Scrounging MP Bastards

According to The Times Sir Philip Mawer, the parliamentary sleaze watchdog, wants a tightening up of the rules relating to MPs expenses. Apparently there is just too much of a disparity between the expenses being claimed by MPs. Well, I would argue that there is far too much of a difference between the expenses claimed by MPs and people who reside in what I would like to call “the real fucking world”.

Last year, I reckon I would have spent less than £2,000 on expenses. Last year, Alex Salmond (SNP) spent £157,844. Last year, Jacqui Smith (Labour – in fucking Redditch, of all places) spent £158,313. Last year, Ashok Kumar (Labour) spent £161,049. Alistair Carmichael (Liberal Democrat) spent £161,815. Eric Joyce (Labour) spent a whopping, eye-watering £174,811. That is nearly a million pounds on the expenses of five MPs. And we have over 600 of the fuckers larking around Westminster. Ok, the five listed are the highest spending five, but the next time you look at your wage slip, think about all that lovely tax money you earned going to Eric Joyce up in Scotland.

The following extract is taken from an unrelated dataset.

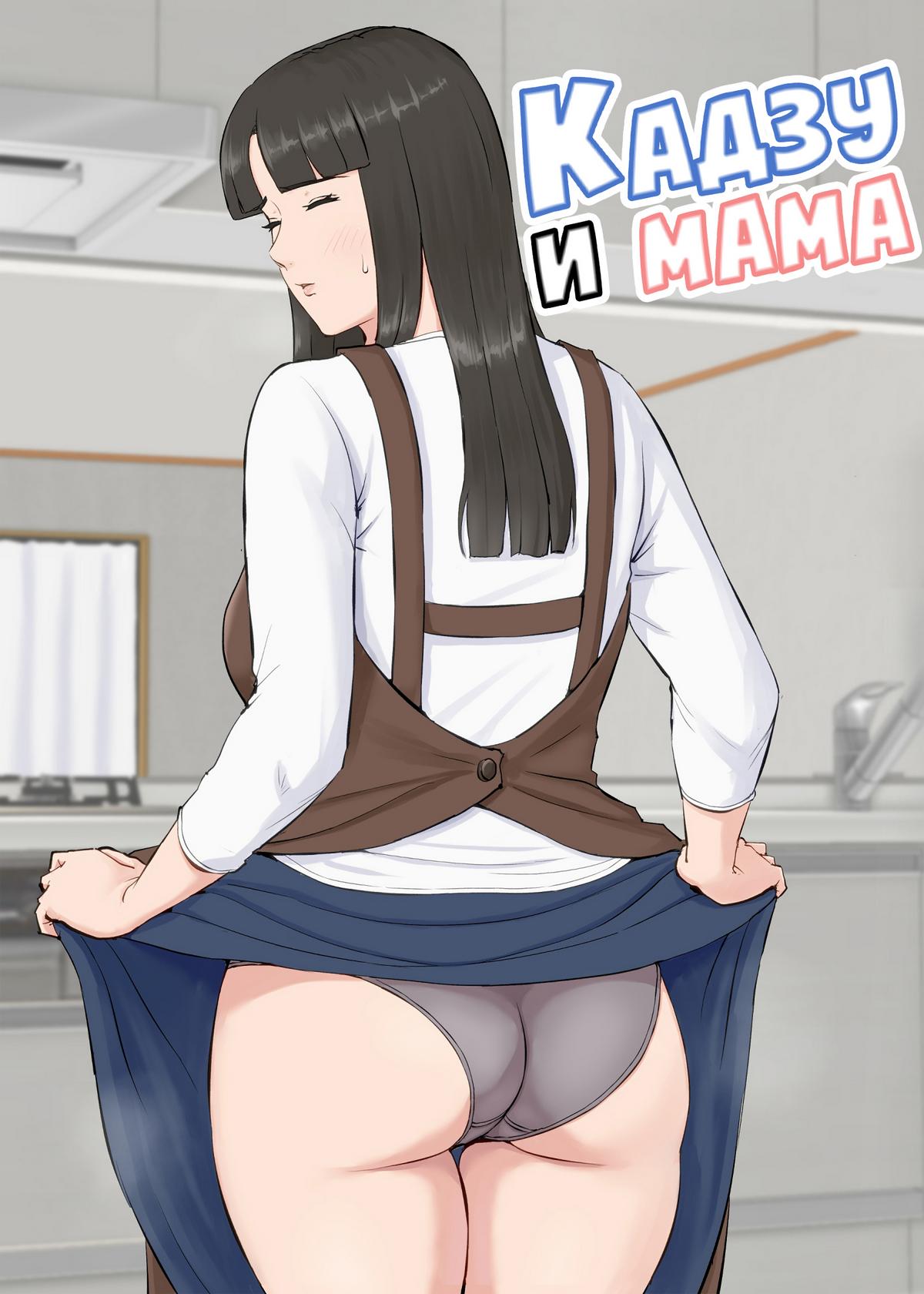Порно комикс Кадзу и мама.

Take a look at what they are spending our money on – second homes, first class travel for families, over £80,000 to hire staff (including family) and on not only fucking car journeys (40p a mile) but also on bike rides (20p a mile – I’m sorry, what? 20p a mile for riding a shitting bike? Jesus Christ, I’d been cycling everywhere if I was an MP. Or if I had a bike). What do I get expensed for my job? Only things directly related to my job. I have to pay for my own accommodation (I just have the one home, I find that works for me, I just live close to my place or work) and my own travel (ok, I walk to work, but I do know people who spend a small fortune on getting to work). And I don’t get to employ my family members using tax money. Maybe I should run for Parliament, jump on this gravy train. Or maybe our elected representatives should just be made fucking responsible for pissing our money away. Perhaps Mawer could help…

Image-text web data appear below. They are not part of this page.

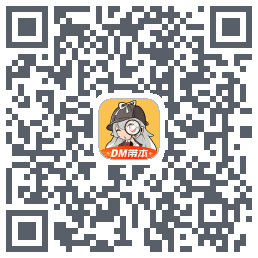 剧本杀的下載二維碼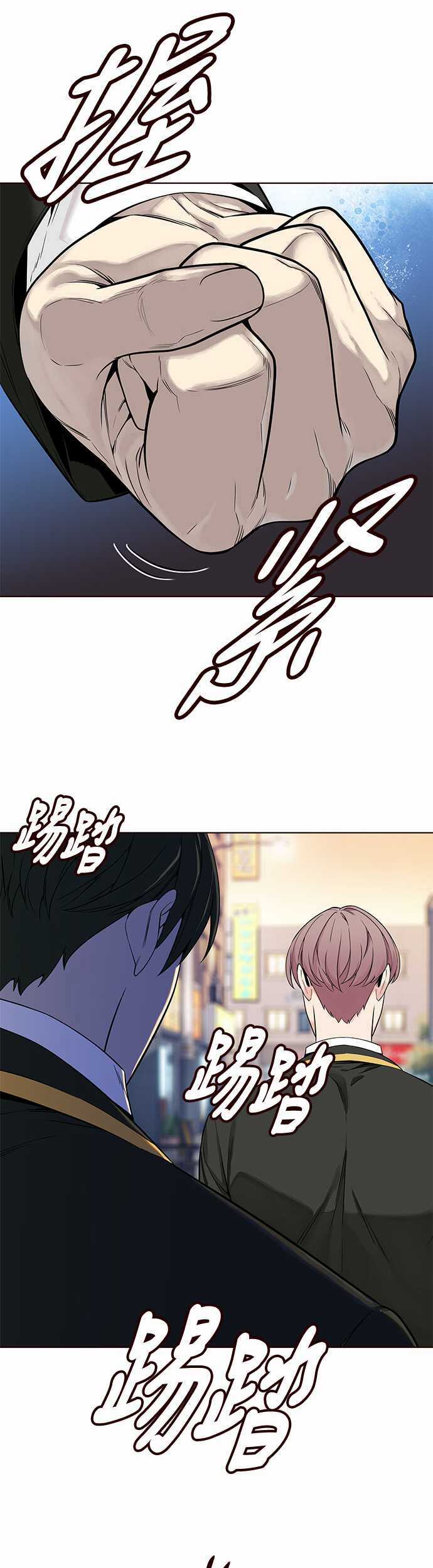 Đốt Cháy Mùa Hè - Chapter 7 - Trang 42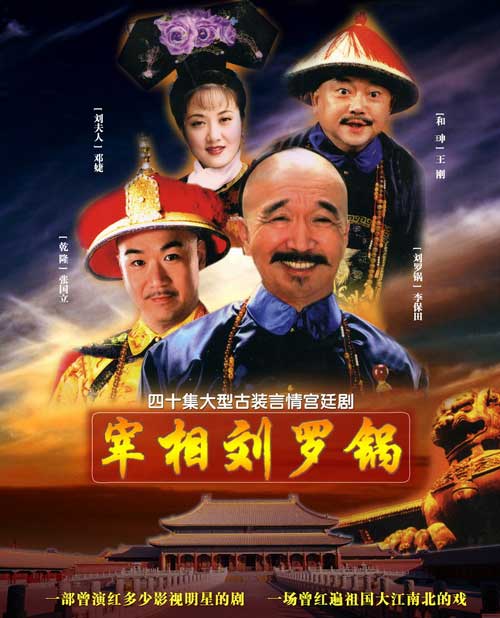 [宰相刘罗锅] (1996)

But what is his suggestion? MPs should provide receipts for all expenses over £50 rather than £250.

Frankly, that is not good enough. Not even close.

MPs should provide receipts for every single thing they claim back from the tax payer. Every. Single. Thing. No exceptions. Nothing. If they don’t have a receipt, they lose the money (again, like people in the real world). Fuck ‘em. The fact that they have managed to win some seat somewhere to follow a party whip in Westminster against both their better judgement and the best interests of their constituents does not allow them to waste hundreds of thousands of pounds on their expenses.

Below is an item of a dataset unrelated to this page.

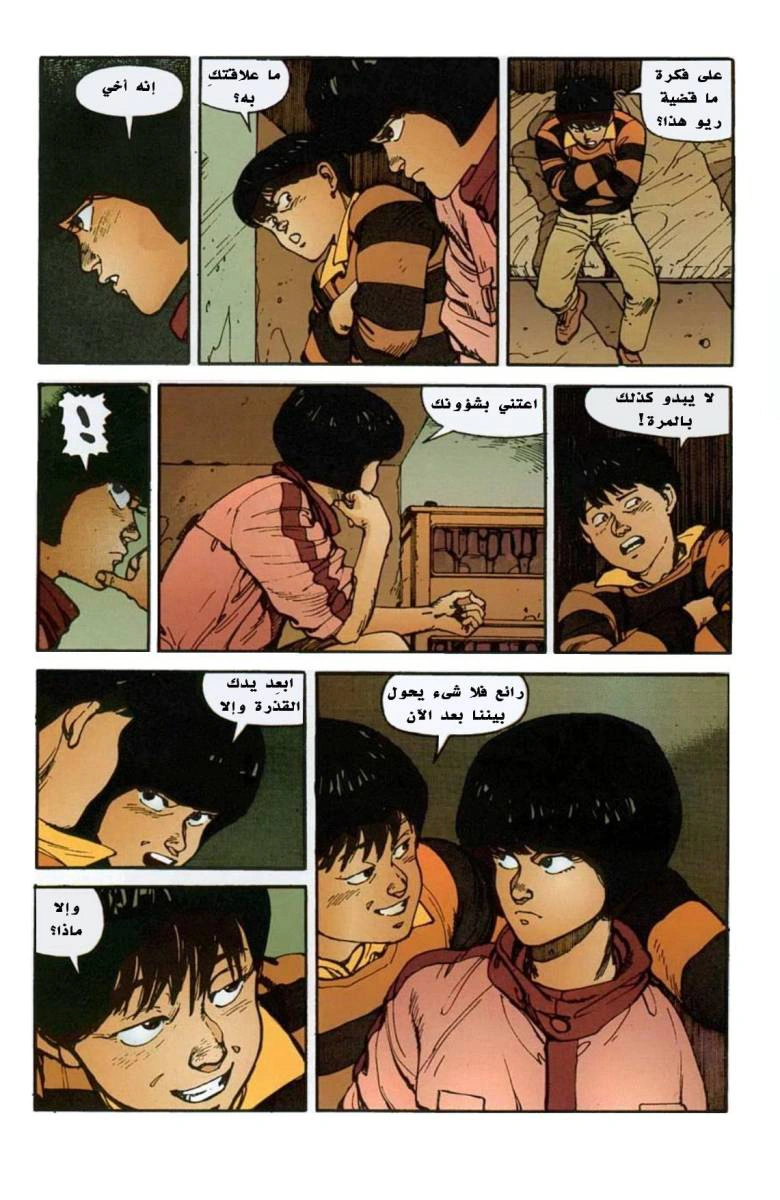 Read Akira AR Manga Online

Sure, there may be a lot of legitimate expenses out there. I would imagine it costs a fortune to travel from the Northern areas of Scotland to London. But let us see what these expenses are. Provide receipts. And then it should fall to Mawer to publicise exactly what MPs have spent our money on. Not “place in the public domain” or “register” or any other euphemism for “sweeping information under the carpet” the wankers in Westminster use. They should be broadcast across the national media, and any MP who has been wasting our tax money should be named and shamed. Hell, named, shamed, and banned from ever running as an MP. Or worse still – made to run in their constituencies at the next election for Veritas.

There is a lot of talk about how we restore public confidence in our elected representatives. Quick suggestion – make sure that MPs have to obey the same rules as us. Maybe if they have to live in the real world, if even for a bit, they will see why we are so fucked off with them.